Выступивший, как и полагается хозяину, первым, Дмитрий Кузьмин придал разговору ту интонацию, которую, в общем и целом, разделяли все участники дискуссии: Кузьмин говорил о современном литературном ландшафте как о сфере личного действия. Для начала Кузьмин проинтерпретировал в этом ключе название “круглого стола”, которое, по его признанию, отражает две доминирующие в его настроении эмоции — досаду на сложившуюся в современной литературе ситуацию и недоумение по поводу перспектив ее развития. Впрочем, Кузьмин не отвергал вероятности, что кому-то эти перспективы известны. Иначе не имело бы смысла собираться.
Прежде всего Кузьмин разъяснил концептуальную основу задуманного “круглого стола”. Честь ее разработки он целиком и полностью отдал Борису Дубину, опубликовавшему накануне в декабрьском “Знамени” большую статью о кризисе толстых журналов.
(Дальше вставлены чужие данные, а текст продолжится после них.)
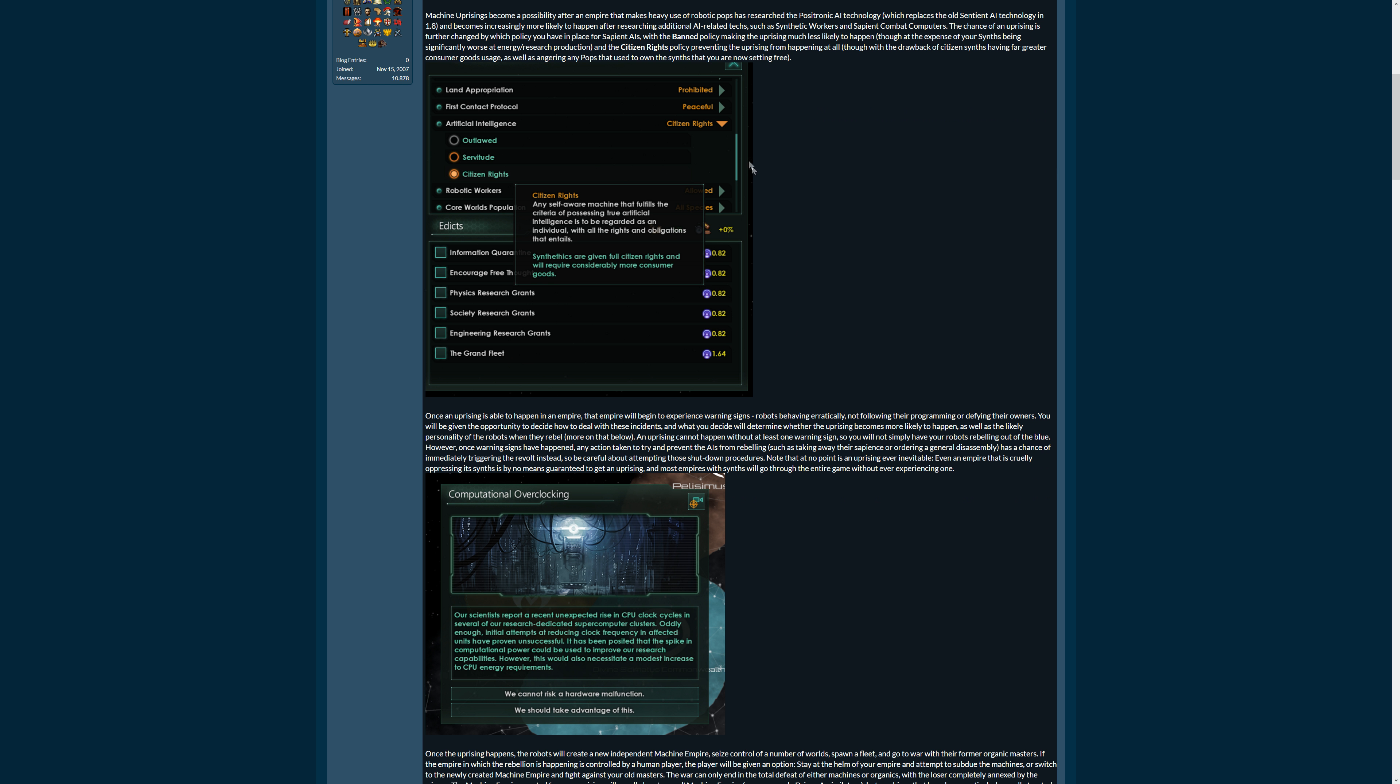So when can it happen? In an empire that makes heavy use of robotic pops, has researched Positronic AI technology, which replaces the old Sentient AI technology, and becomes increasingly more likely to happen after researching additional AI related techs such as synthetic workers and sapient combat computers. And the chance is changed by which policy you have in place for sapient AIs. The ban policy making the uprising much less likely to happen.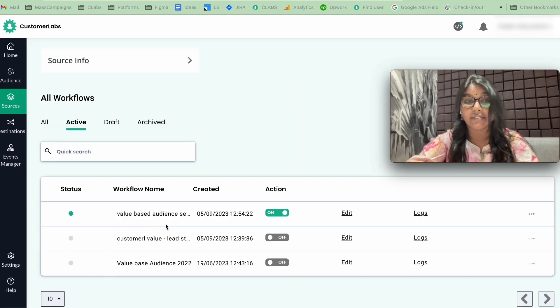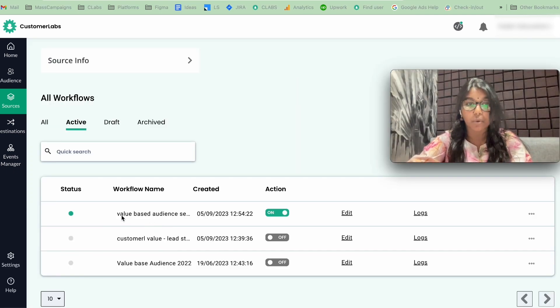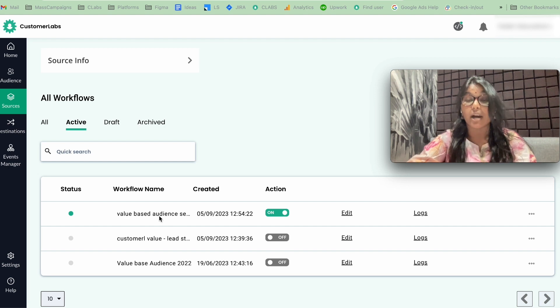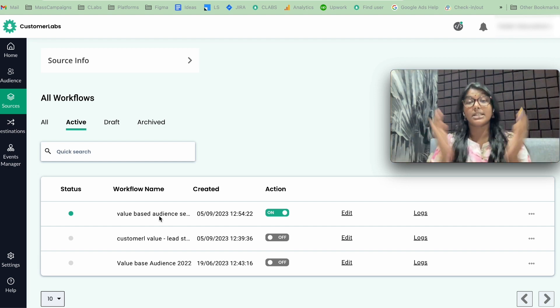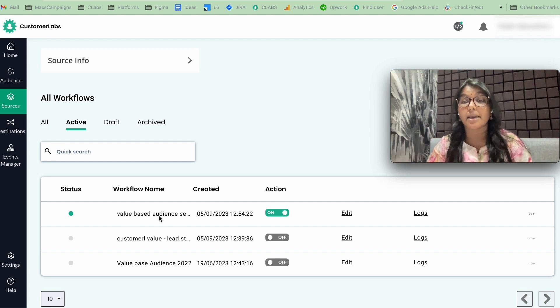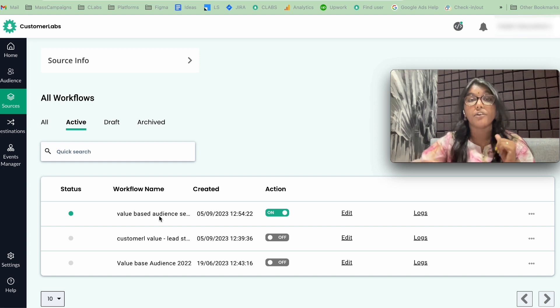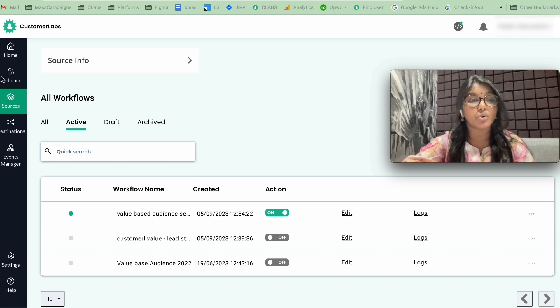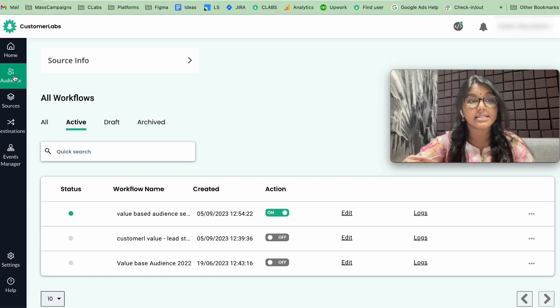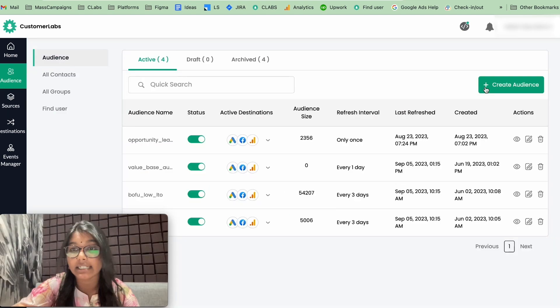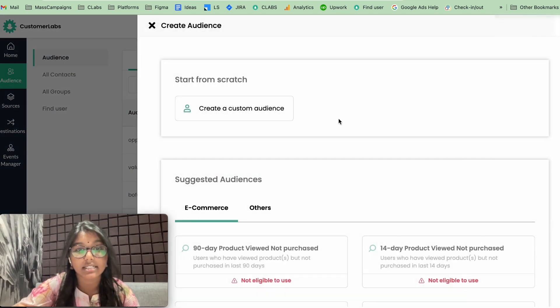Now, you could see the event that we have created via the workflow is activated here. Now, let's move on to the third step. The third step is to create an audience based on this event. For that, you need to go to audience and create audience.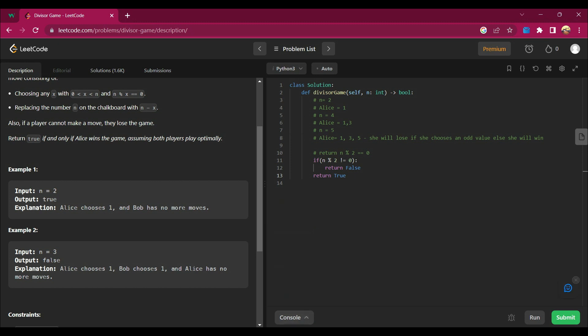I can also solve this like this. See, it's running successfully. So what I am doing here is I'm just checking if n is odd or even. If it's even, then I will say it's true. If it's odd, then I will say it's false.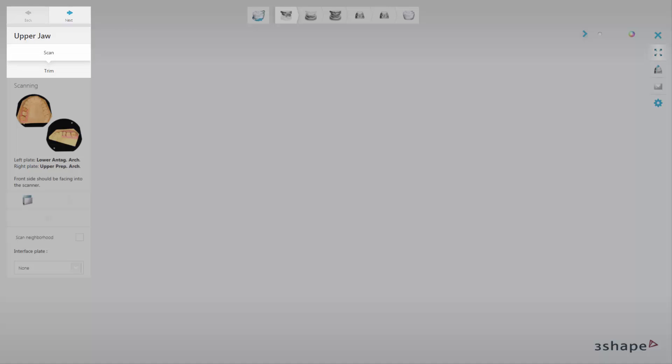Each of the workflow steps contains a number of sub-steps, guiding you through the scanning process. ScanIt Dental also has a section which provides graphical information about the current step and guides you through the scanning steps in a simple and fast way.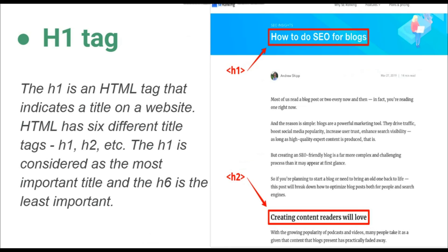Yarni ki H1 kya hai — sabse bada tag hota hai, sabse badi heading hoti hai. Aur H6 jo hai, sabse choti hoti hai. Aagey aapke paas given hai — jaise ki 'How to do SEO for Blogging' — yeh kya hai? H1 tag — yarni ki yeh sabse bada tag hai. Aagey isse niche jitri bhi aate jayegi, woh headings choti hoti jayengi.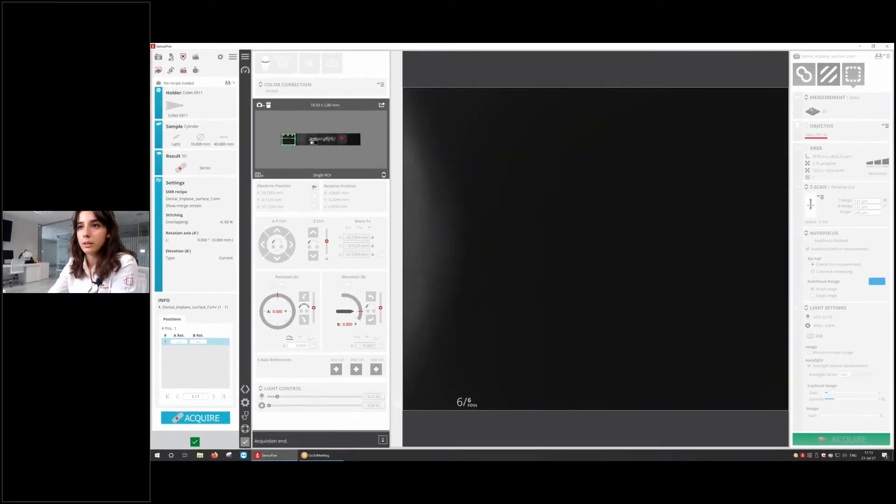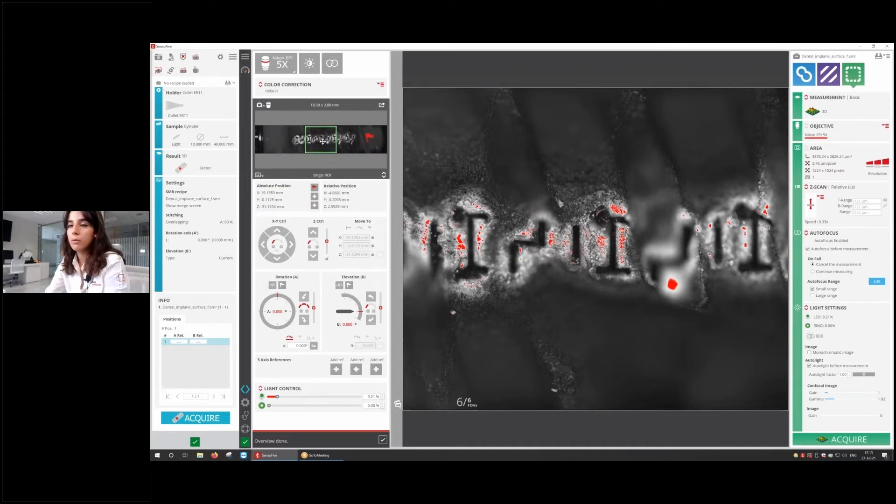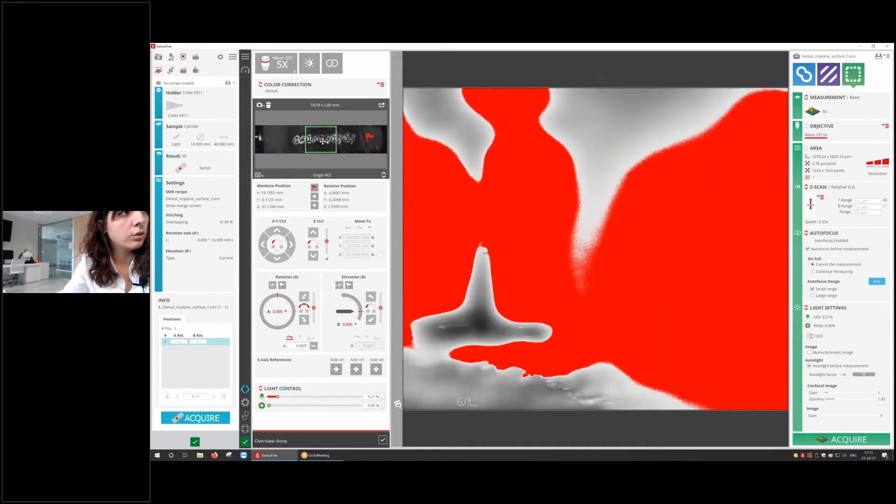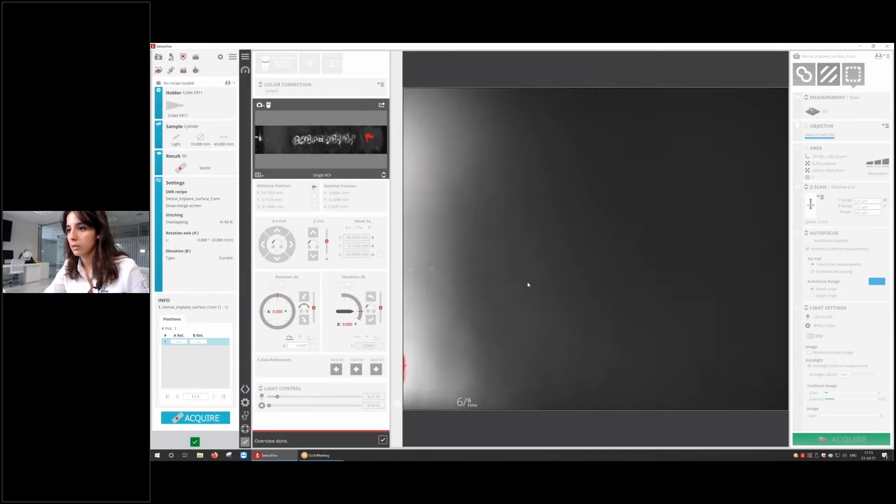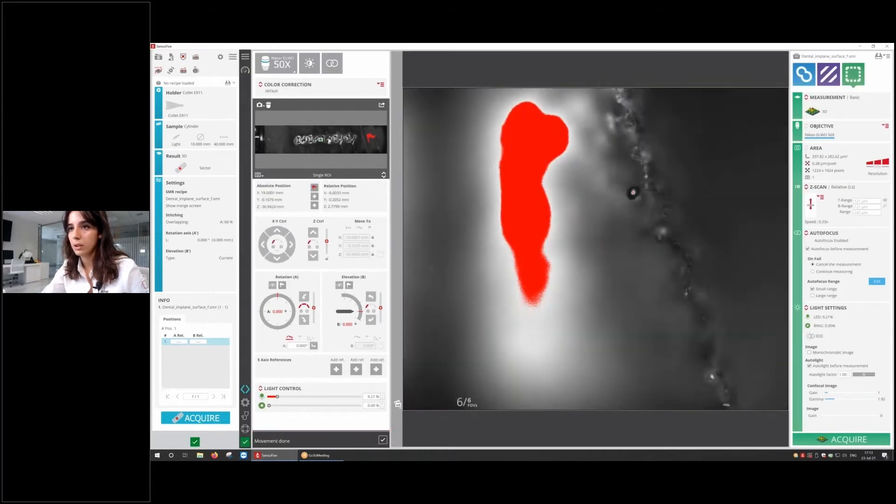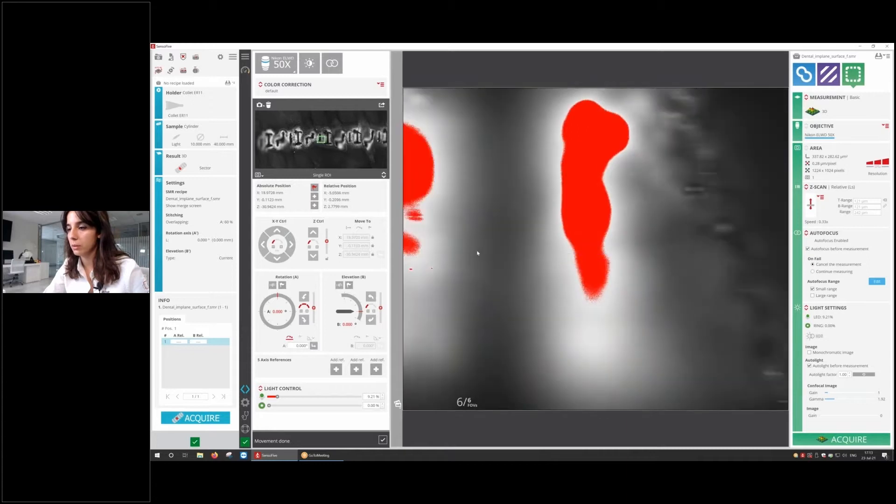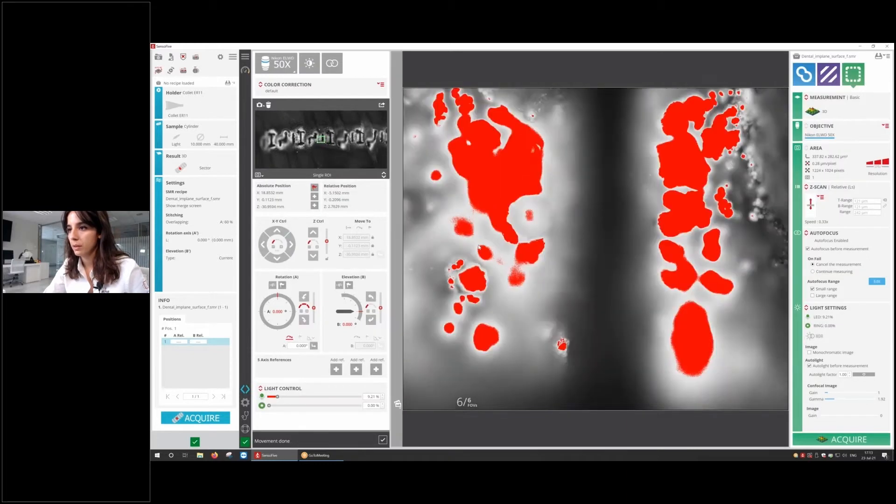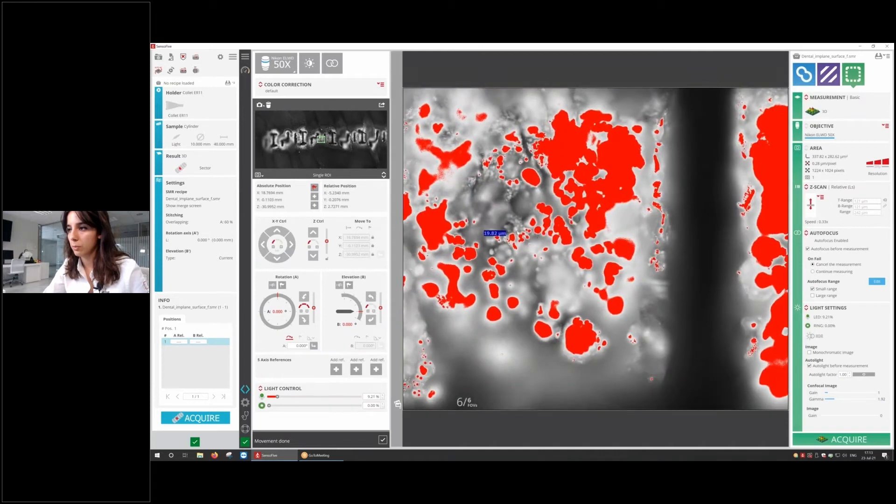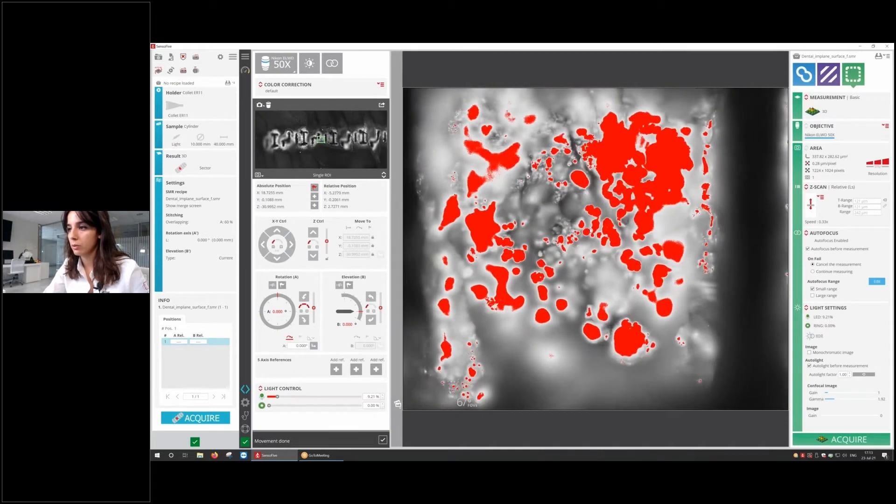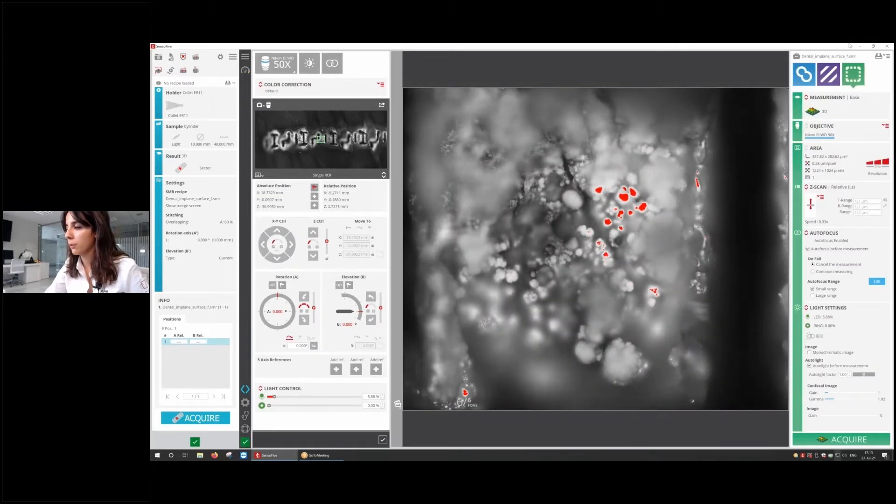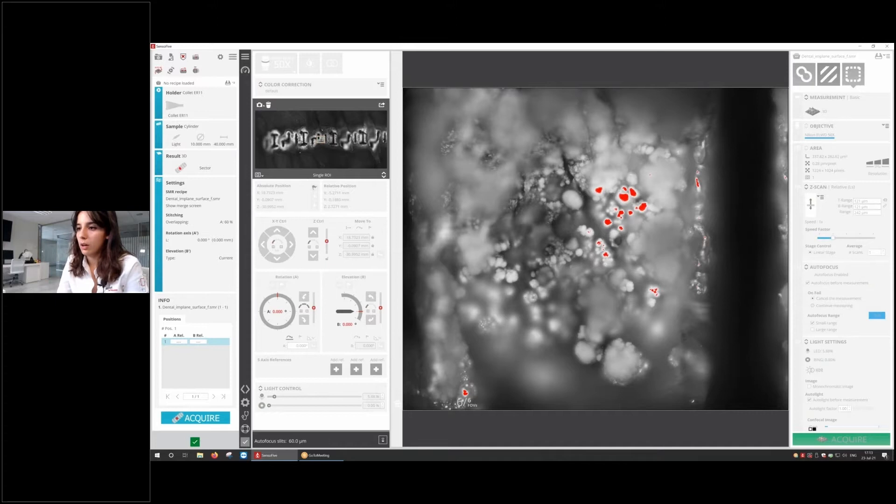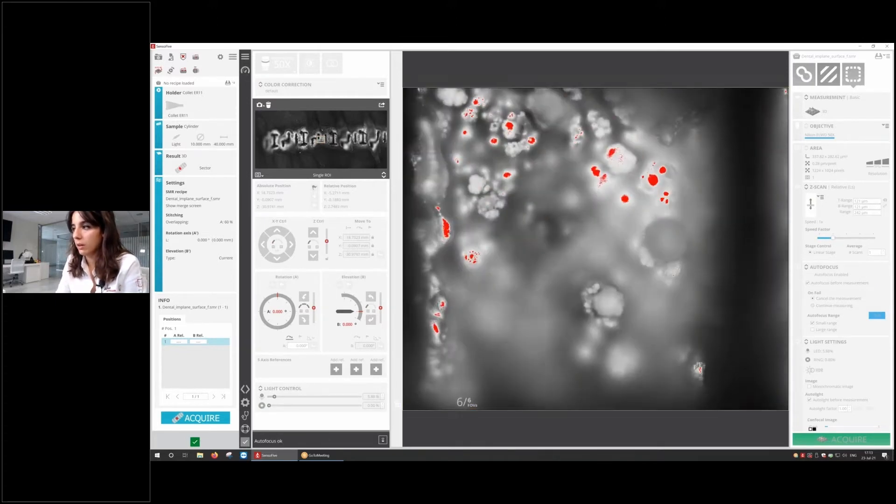To understand the sample, we're going to do an overview. This is how it looks like. Now for measuring the surface finish, we're going to change to a 50x extra long working distance, and I'm going to find the focus. This is going to help us understand where we are. In the middle of these two markings, we're going to measure. To do so, I loaded a recipe. It's going to do first an autofocus, then an autolight, and finally, it's going to perform the measure.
Кузьмин не скрывал, что идея этой статьи, критиковавшей застойную атмосферу “толстожурнального” бомонда, целиком и полностью импонирует авторам постнеподцензурной литературы, по сей день обделенных вниманием литературной элиты. Одно не устраивало Кузьмина в статье Бориса Дубина: Дубин начисто проигнорировал те литературные круги, которые образуют скрытое сопротивление “толстожурнальному” диктату. К этим кругам принадлежит, в первую очередь, ежеквартальный альманах клуба “Авторник”.
Оба этих обстоятельства — дубинская критика “толстожурнальной” политики и его же недальновидность в отношении литературных альтернатив — побудили Кузьмина к тому, чтобы детально разобраться с расстановкой сил в современной литературе.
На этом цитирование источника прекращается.